_THE TASK_
Where the listing shows an image, skip it and output all other material unchanged.

_DATA EXTRACT_
*** Begin section ***

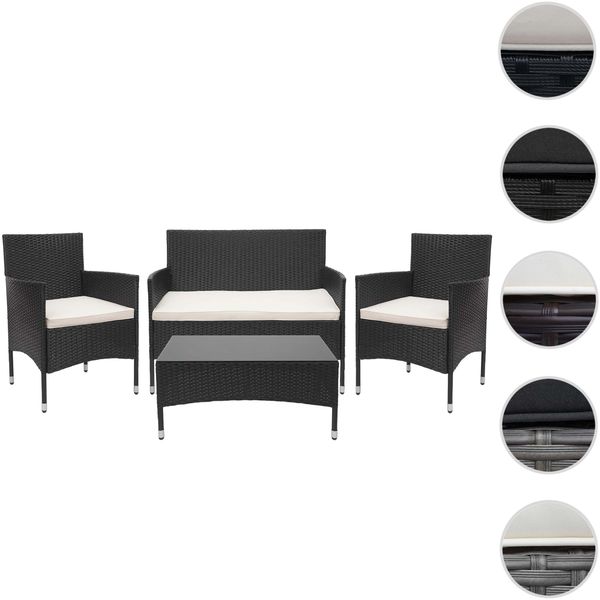 Poly-Rattan Garnitur HWC-F55, Balkon-/Garten-/Lounge-Set Sofa Sitzgruppe ~ schwarz, Kissen creme Bild 9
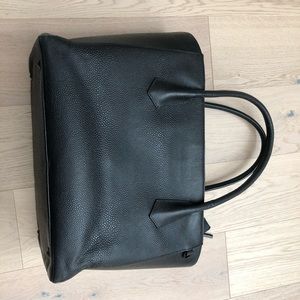 Dagne Dover 15 inch leather tote in Onyx Stingray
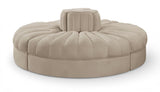 Rummi - Round Velvet Performance Fabric Upholstered 4 Piece Modular Sofa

*** End section ***

_RESULT FOR THIS TASK_
 Poly-Rattan Garnitur HWC-F55, Balkon-/Garten-/Lounge-Set Sofa Sitzgruppe ~ schwarz, Kissen creme Bild 9
 Dagne Dover 15 inch leather tote in Onyx Stingray
 Rummi - Round Velvet Performance Fabric Upholstered 4 Piece Modular Sofa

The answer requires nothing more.